[Items from a data source]

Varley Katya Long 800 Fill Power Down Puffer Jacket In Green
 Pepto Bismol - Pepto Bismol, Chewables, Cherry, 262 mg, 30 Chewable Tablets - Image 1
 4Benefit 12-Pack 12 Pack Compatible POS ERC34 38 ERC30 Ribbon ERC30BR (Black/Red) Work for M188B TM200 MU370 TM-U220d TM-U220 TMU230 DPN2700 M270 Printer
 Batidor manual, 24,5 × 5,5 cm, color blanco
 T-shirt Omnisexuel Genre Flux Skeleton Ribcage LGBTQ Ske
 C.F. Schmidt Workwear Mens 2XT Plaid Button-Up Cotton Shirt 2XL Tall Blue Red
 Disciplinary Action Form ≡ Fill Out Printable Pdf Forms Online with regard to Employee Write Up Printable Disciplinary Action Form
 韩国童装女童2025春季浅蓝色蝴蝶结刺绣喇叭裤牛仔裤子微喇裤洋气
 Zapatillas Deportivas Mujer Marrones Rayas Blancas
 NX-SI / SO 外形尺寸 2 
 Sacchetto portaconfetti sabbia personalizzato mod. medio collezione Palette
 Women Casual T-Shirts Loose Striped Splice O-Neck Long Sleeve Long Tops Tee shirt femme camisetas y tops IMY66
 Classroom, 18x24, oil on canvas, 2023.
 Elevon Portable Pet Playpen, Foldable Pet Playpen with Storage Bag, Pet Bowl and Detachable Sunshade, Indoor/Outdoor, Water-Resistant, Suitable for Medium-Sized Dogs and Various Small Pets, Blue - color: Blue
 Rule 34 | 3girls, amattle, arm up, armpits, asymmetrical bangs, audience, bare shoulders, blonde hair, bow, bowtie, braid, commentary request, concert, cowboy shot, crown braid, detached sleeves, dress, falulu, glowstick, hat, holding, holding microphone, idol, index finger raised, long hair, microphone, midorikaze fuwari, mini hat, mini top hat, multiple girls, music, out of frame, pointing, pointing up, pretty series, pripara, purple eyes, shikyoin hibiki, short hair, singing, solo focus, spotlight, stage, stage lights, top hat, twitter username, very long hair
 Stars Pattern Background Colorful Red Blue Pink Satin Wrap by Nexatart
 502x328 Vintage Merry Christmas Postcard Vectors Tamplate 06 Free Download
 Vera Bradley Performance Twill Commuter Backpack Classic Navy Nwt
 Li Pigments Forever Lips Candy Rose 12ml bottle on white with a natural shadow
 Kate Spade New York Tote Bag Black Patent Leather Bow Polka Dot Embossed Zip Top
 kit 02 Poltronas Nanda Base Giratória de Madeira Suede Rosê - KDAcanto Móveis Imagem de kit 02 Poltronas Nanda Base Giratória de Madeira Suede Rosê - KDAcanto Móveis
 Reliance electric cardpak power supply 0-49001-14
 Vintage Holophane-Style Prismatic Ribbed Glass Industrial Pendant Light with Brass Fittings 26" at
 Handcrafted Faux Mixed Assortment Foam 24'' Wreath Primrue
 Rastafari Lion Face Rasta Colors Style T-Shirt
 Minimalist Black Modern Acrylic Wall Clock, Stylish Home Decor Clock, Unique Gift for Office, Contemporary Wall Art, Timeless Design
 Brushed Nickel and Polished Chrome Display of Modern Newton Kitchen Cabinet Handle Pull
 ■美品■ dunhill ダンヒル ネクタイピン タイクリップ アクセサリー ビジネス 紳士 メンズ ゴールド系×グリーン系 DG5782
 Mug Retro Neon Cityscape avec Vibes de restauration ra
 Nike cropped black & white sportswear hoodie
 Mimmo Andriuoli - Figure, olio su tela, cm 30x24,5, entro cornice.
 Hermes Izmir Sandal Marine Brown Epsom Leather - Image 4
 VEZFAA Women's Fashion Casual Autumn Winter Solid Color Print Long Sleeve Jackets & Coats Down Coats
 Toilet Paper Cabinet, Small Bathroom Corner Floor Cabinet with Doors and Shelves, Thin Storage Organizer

- [What you need to do]: Among the lines above, which contain the word "Casual"? Copy every one.

- [Answer space]:
 Women Casual T-Shirts Loose Striped Splice O-Neck Long Sleeve Long Tops Tee shirt femme camisetas y tops IMY66
 VEZFAA Women's Fashion Casual Autumn Winter Solid Color Print Long Sleeve Jackets & Coats Down Coats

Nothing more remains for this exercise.